1 files changed, 241 insertions, 86 deletions
diff --git a/synapse/storage/state.py b/synapse/storage/state.py
index 7ce51b9bdc..185f88fd7c 100644
--- a/synapse/storage/state.py
+++ b/synapse/storage/state.py
@@ -13,7 +13,10 @@
 # See the License for the specific language governing permissions and
 # limitations under the License.
 
-from ._base import SQLBaseStore, cachedInlineCallbacks
+from ._base import SQLBaseStore
+from synapse.util.caches.descriptors import (
+    cached, cachedInlineCallbacks, cachedList
+)
 
 from twisted.internet import defer
 
@@ -44,59 +47,25 @@ class StateStore(SQLBaseStore):
     """
 
     @defer.inlineCallbacks
-    def get_state_groups(self, event_ids):
+    def get_state_groups(self, room_id, event_ids):
         """ Get the state groups for the given list of event_ids
 
         The return value is a dict mapping group names to lists of events.
         """
+        if not event_ids:
+            defer.returnValue({})
 
-        def f(txn):
-            groups = set()
-            for event_id in event_ids:
-                group = self._simple_select_one_onecol_txn(
-                    txn,
-                    table="event_to_state_groups",
-                    keyvalues={"event_id": event_id},
-                    retcol="state_group",
-                    allow_none=True,
-                )
-                if group:
-                    groups.add(group)
-
-            res = {}
-            for group in groups:
-                state_ids = self._simple_select_onecol_txn(
-                    txn,
-                    table="state_groups_state",
-                    keyvalues={"state_group": group},
-                    retcol="event_id",
-                )
-
-                res[group] = state_ids
-
-            return res
-
-        states = yield self.runInteraction(
-            "get_state_groups",
-            f,
+        event_to_groups = yield self._get_state_group_for_events(
+            room_id, event_ids,
         )
 
-        state_list = yield defer.gatherResults(
-            [
-                self._fetch_events_for_group(group, vals)
-                for group, vals in states.items()
-            ],
-            consumeErrors=True,
-        )
+        groups = set(event_to_groups.values())
+        group_to_state = yield self._get_state_for_groups(groups)
 
-        defer.returnValue(dict(state_list))
-
-    def _fetch_events_for_group(self, key, events):
-        return self._get_events(
-            events, get_prev_content=False
-        ).addCallback(
-            lambda evs: (key, evs)
-        )
+        defer.returnValue({
+            group: state_map.values()
+            for group, state_map in group_to_state.items()
+        })
 
     def _store_state_groups_txn(self, txn, event, context):
         return self._store_mult_state_groups_txn(txn, [(event, context)])
@@ -204,64 +173,250 @@ class StateStore(SQLBaseStore):
         events = yield self._get_events(event_ids, get_prev_content=False)

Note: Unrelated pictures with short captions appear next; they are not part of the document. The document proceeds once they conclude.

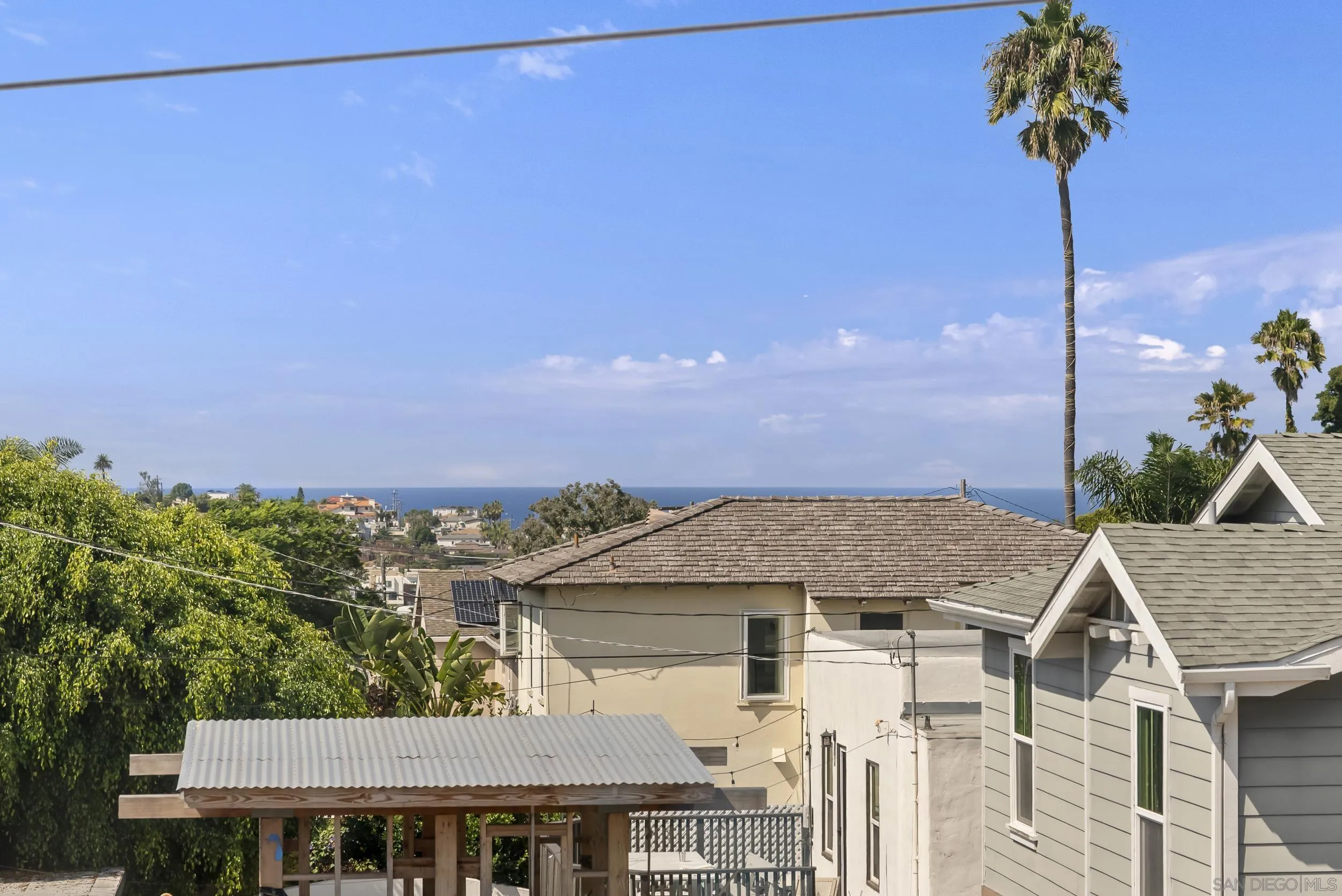 https://cdn.realtyfeed.com/cdn/127/260015061/065c6d42cf5eaa69763fbecb4332fe68.webp
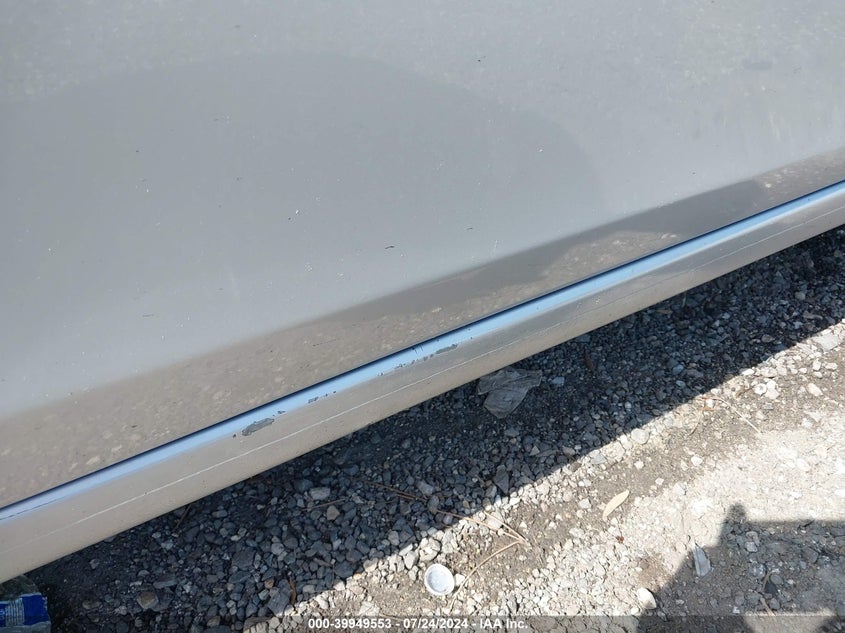 2017 Nissan Sentra S VIN: 3N1AB7AP2HY276686 Lot: 39949553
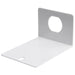 SATCO/NUVO Add-On Microwave Sensor For High Bay Fixtures 120-277V (86-202R)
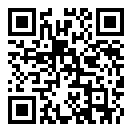 僵尸防御战2手游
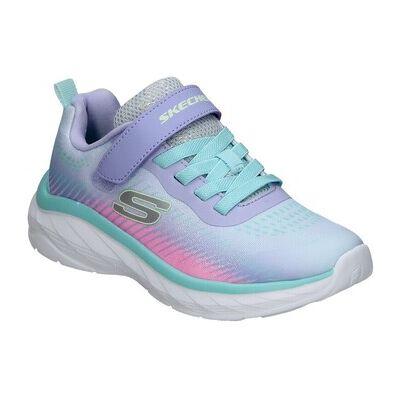 Skechers Sneaker 117469 29;30;31;32;33;35 Female Skechers Sneaker 117469 29;30;31;32;33;35 Female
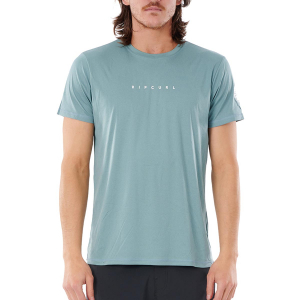 RIP CURL - DAWN PATROL UV T-SHIRT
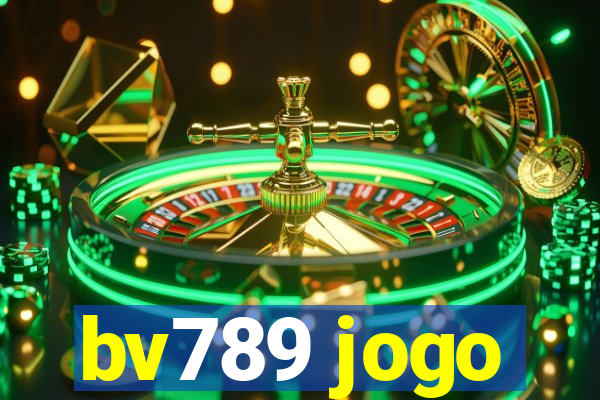 bv789 jogo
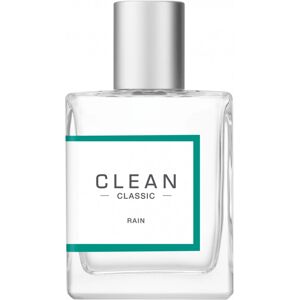 Clean Rain EdP (60ml)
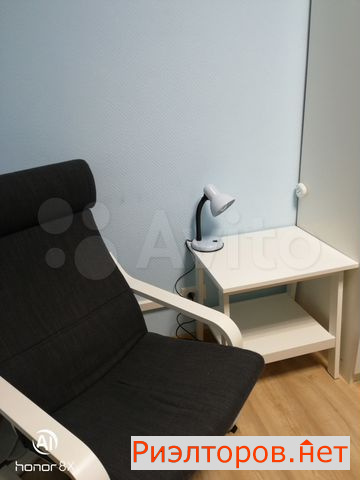 ����� ������� ��������� 1-� ��������� ������ 8 (���� �2)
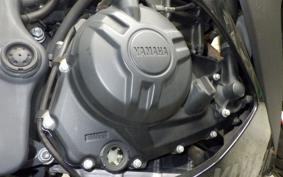 YAMAHA YZF-R25 A RG10J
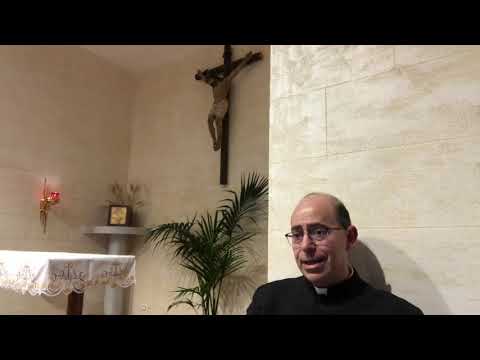 Video: Che cos'è una preghiera liturgica?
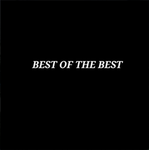 [TBA] Best of the Best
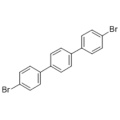 Name: 1,1':4',1''-Terphenyl,4,4''-dibromo- CAS 17788-94-2
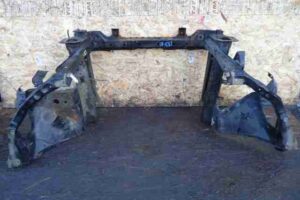 Изображение товара 35811 - 00035811 televizor Peugeot 306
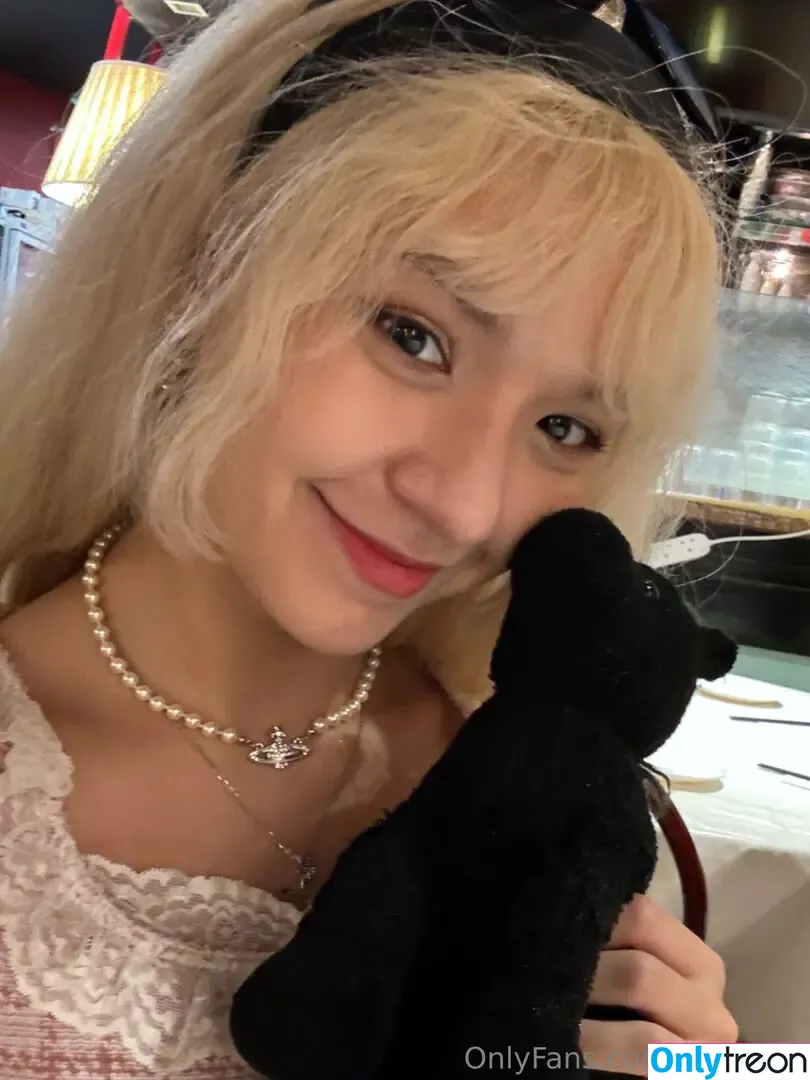 anaxmei голая photo #0030 (annaxmei)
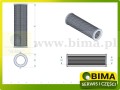 BIMA7512010b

         defer.returnValue(events)
 
+    def _get_state_groups_from_groups(self, groups_and_types):
+        """Returns dictionary state_group -> state event ids
+
+        Args:
+            groups_and_types (list): list of 2-tuple (`group`, `types`)
+        """
+        def f(txn):
+            results = {}
+            for group, types in groups_and_types:
+                if types is not None:
+                    where_clause = "AND (%s)" % (
+                        " OR ".join(["(type = ? AND state_key = ?)"] * len(types)),
+                    )
+                else:
+                    where_clause = ""
+
+                sql = (
+                    "SELECT event_id FROM state_groups_state WHERE"
+                    " state_group = ? %s"
+                ) % (where_clause,)
+
+                args = [group]
+                if types is not None:
+                    args.extend([i for typ in types for i in typ])
+
+                txn.execute(sql, args)
+
+                results[group] = [r[0] for r in txn.fetchall()]
+
+            return results
+
+        return self.runInteraction(
+            "_get_state_groups_from_groups",
+            f,
+        )
+
     @defer.inlineCallbacks
-    def get_state_for_events(self, room_id, event_ids):
+    def get_state_for_events(self, room_id, event_ids, types):
+        """Given a list of event_ids and type tuples, return a list of state
+        dicts for each event. The state dicts will only have the type/state_keys
+        that are in the `types` list.
+
+        Args:
+            room_id (str)
+            event_ids (list)
+            types (list): List of (type, state_key) tuples which are used to
+                filter the state fetched. `state_key` may be None, which matches
+                any `state_key`
+
+        Returns:
+            deferred: A list of dicts corresponding to the event_ids given.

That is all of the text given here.